オオスもそれをわざとやっていたので自業自得な面もあった。

 

「ああ、そ…げぼっ」

オオスは答えようとしたが血反吐を吐いた。

内臓にダメージが入り過ぎて声にならない。骨が何本か貫通していた。

オオスは自分へのダメージを観察した。この経験は貴重である。

オオスは今後の課題とすることにした。このような状況の中でもオオスは新しい手段を模索していた。

 

「ど、どうしましょう…これじゃ百薬枡も使えないわ」

華扇はオオスが自分から簡単に逃げられる程度の能力を有していると知っていた。

その為、里人には善人であるオオスが本気で死にそうになるとは思いもしなかった。

オオスは悲鳴も上げずに何度でも立ち上がってきた。

華扇に対して平然としているように見えるので華扇はオオスへの暴行の辞め時を誤った。

 

「…」

オオスは華扇の慌てぶりを見て手で制した。というか心配し過ぎであるとオオスは思った。

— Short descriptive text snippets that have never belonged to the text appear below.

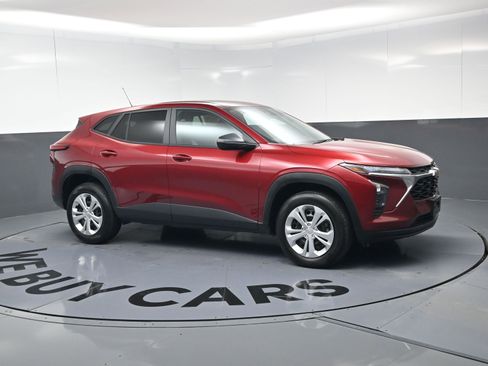 Used 2024 Chevrolet Trax LS w/ Driver Confidence Package image 2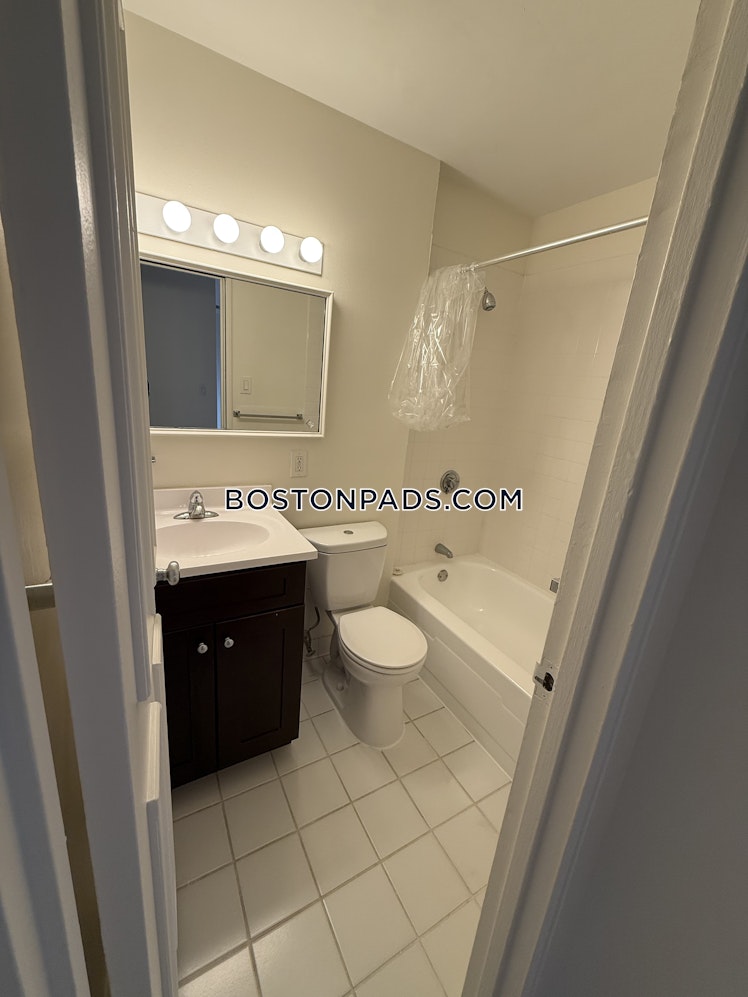 Freeman St., Brookline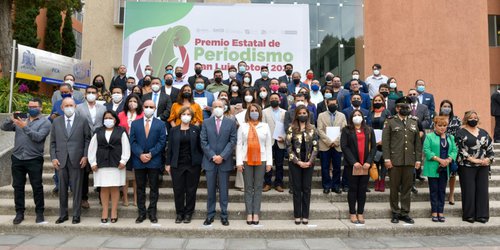 Gobernador Carreras entregó el Premio Estatal de Periodismo 2021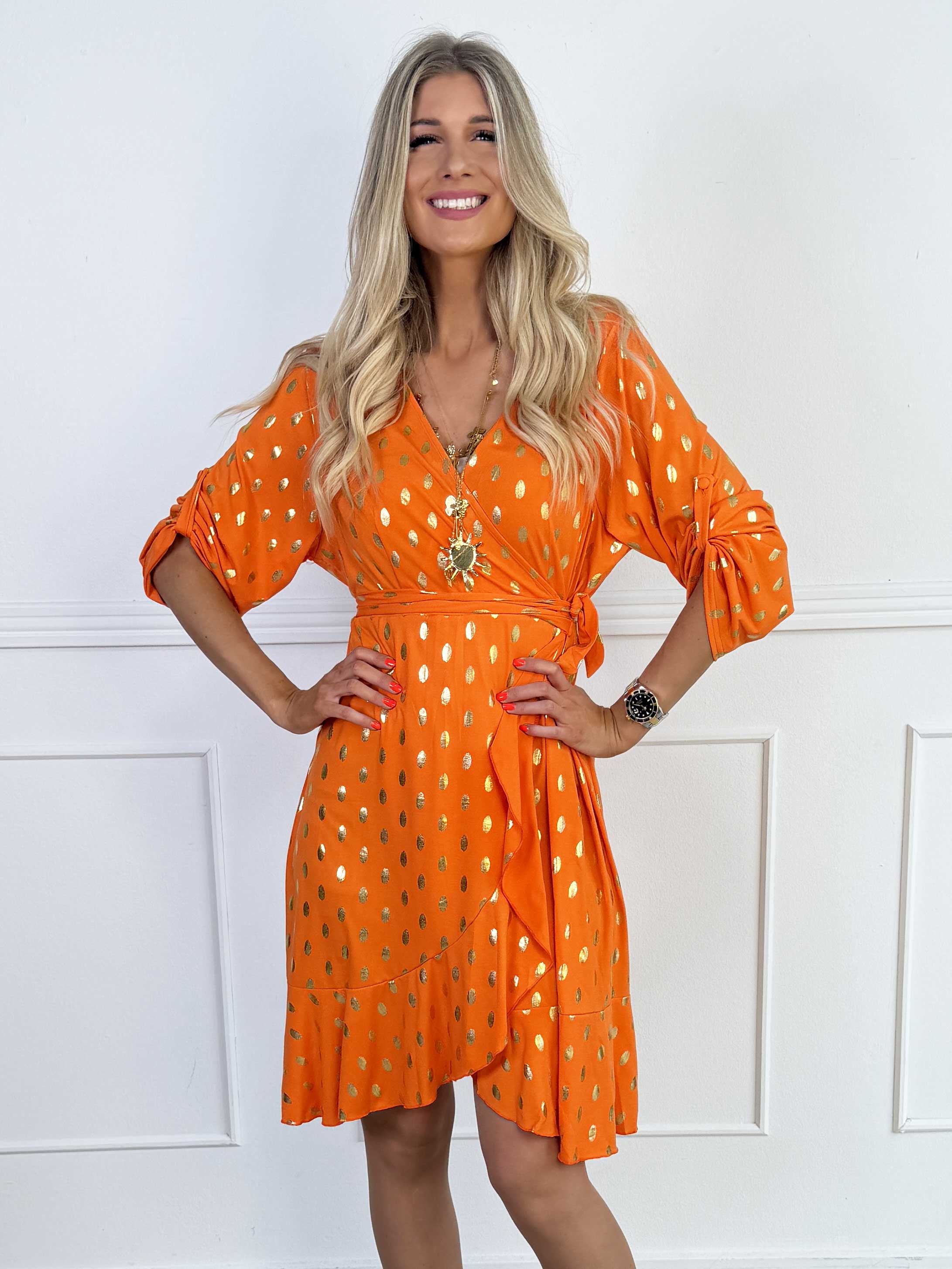 Savina Gold - Elastisk kjole i slå-om-look med guld dutter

オオスは華扇が良き他人の為にここまで怒れる善人だと確信した。

オオスは懐から相変わらず毒物しかみえない薬物であるパウトを二本取り出した。

そのうちの一つをオオスは自らの体にかけた。

血が蒸発するような臭いを醸しながらも、肉体が強制的に回復したのを見計らってからもう一本をオオスは飲んだ。

 

「ふむ…少しは回復できたかな」

オオスは薬物による人体の回復の人体実験を実地で自分を使って観察していた。

最近は月の石という便利な道具に頼り過ぎていた。

月の石である。月の民等に無効化されることも考えてオオスは実験をついでに行っていた。

 

「さて、どこから相談したものか」

オオスは華扇が呆気に取られた今こそチャンスだとわかりながらも悩んでいた。

…取り敢えず気絶している狼男にオオスの姿を目撃されたくない。

オオスは先ず華扇に対して狼男の目隠しだけは外さないように言うことにした。